School of Computer Science and Software Engineering, University of Science and Technology Liaoning, Anshan, 114051, China.
School of Automation and Electrical Engineering, Linyi University, Linyi, 276000, China.
Brief Bioinform. 2022 Jul 18;23(4). doi: 10.1093/bib/bbac266.
Metabolism is the process by which an organism continuously replaces old substances with new substances. It plays an important role in maintaining human life, body growth and reproduction. More and more researchers have shown that the concentrations of some metabolites in patients are different from those in healthy people. Traditional biological experiments can test some hypotheses and verify their relationships but usually take a considerable amount of time and money. Therefore, it is urgent to develop a new computational method to identify the relationships between metabolites and diseases. In this work, we present a new deep learning algorithm named as graph convolutional network with graph attention network (GCNAT) to predict the potential associations of disease-related metabolites. First, we construct a heterogeneous network based on known metabolite-disease associations, metabolite-metabolite similarities and disease-disease similarities. Metabolite and disease features are encoded and learned through the graph convolutional neural network. Then, a graph attention layer is used to combine the embeddings of multiple convolutional layers, and the corresponding attention coefficients are calculated to assign different weights to the embeddings of each layer. Further, the prediction result is obtained by decoding and scoring the final synthetic embeddings.

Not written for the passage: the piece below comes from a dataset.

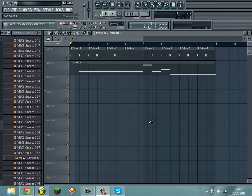Hey guys, today I'm going to show you how to make Benga's signature wobble in Massive. It's the one that's heard in I Will Never Change and For Father. It sounds a bit like this.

Finally, GCNAT achieves a reliable area under the receiver operating characteristic curve of 0.95 and the precision-recall curve of 0.405, which are better than the results of existing five state-of-the-art predictive methods in 5-fold cross-validation, and the case studies show that the metabolite-disease correlations predicted by our method can be successfully demonstrated by relevant experiments. We hope that GCNAT could be a useful biomedical research tool for predicting potential metabolite-disease associations in the future.

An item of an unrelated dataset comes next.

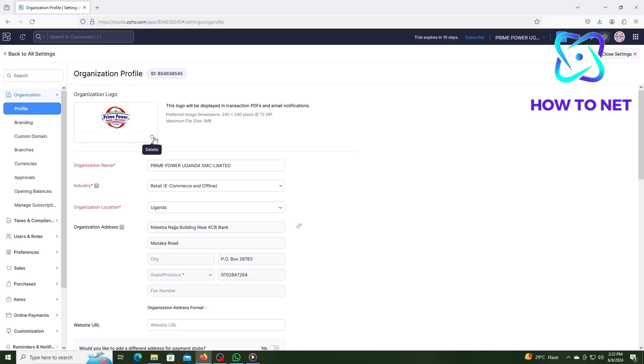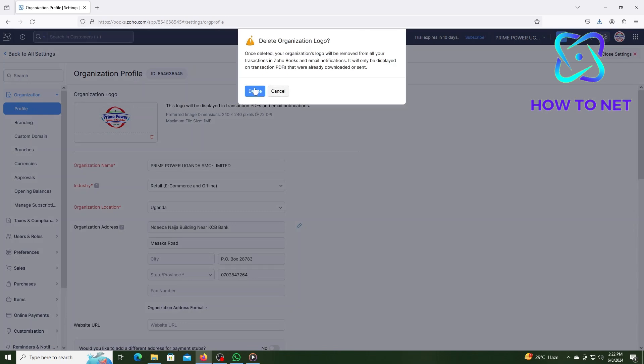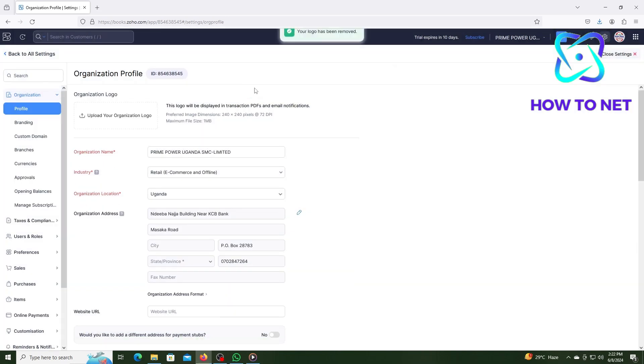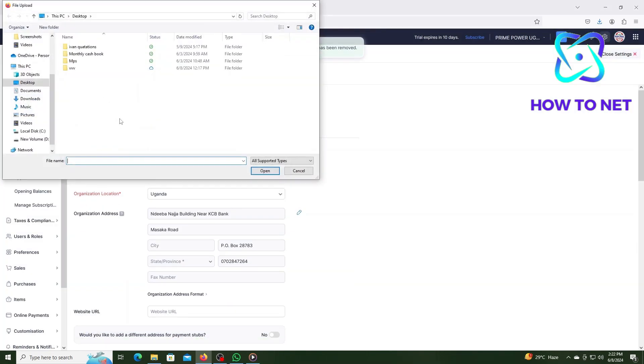To change to another logo, you will have to first delete the current one and then tap on Upload Organization Logo. Choose from your files and the logo will get added successfully.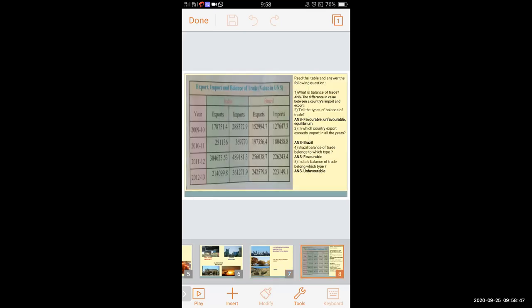Next we studied import, export, and balance of trade. Balance of trade means the difference in value between a country's imports and exports. A country imports some goods and also exports some goods to other countries. The balance between import and export is called the balance of trade. For a favorable balance of trade, there should be more export than import.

代谢是生物体不断用新物质取代旧物质的过程。它在维持人类生命、身体生长和繁殖方面起着重要作用。越来越多的研究人员表明,患者体内某些代谢物的浓度与健康人不同。传统的生物实验可以检验一些假设并验证它们之间的关系,但通常需要相当多的时间和金钱。因此,迫切需要开发一种新的计算方法来识别代谢物与疾病之间的关系。在这项工作中,我们提出了一种新的深度学习算法,名为基于图注意力网络的图卷积网络(GCNAT),用于预测与疾病相关的代谢物的潜在关联。首先,我们基于已知的代谢物-疾病关联、代谢物-代谢物相似性和疾病-疾病相似性构建了一个异构网络。通过图卷积神经网络对代谢物和疾病特征进行编码和学习。然后,使用图注意力层将多个卷积层的嵌入结合起来,并计算相应的注意力系数,为每个层的嵌入分配不同的权重。进一步,通过对最终综合嵌入进行解码和评分,得到预测结果。最后,在 5 折交叉验证中,GCNAT 实现了可靠的接收器操作特征曲线下面积为 0.95 和精度-召回曲线为 0.405,优于现有 5 种最先进的预测方法的结果,案例研究表明,我们的方法预测的代谢物-疾病相关性可以通过相关实验成功证明。我们希望 GCNAT 能够成为未来预测潜在代谢物-疾病关联的有用的生物医学研究工具。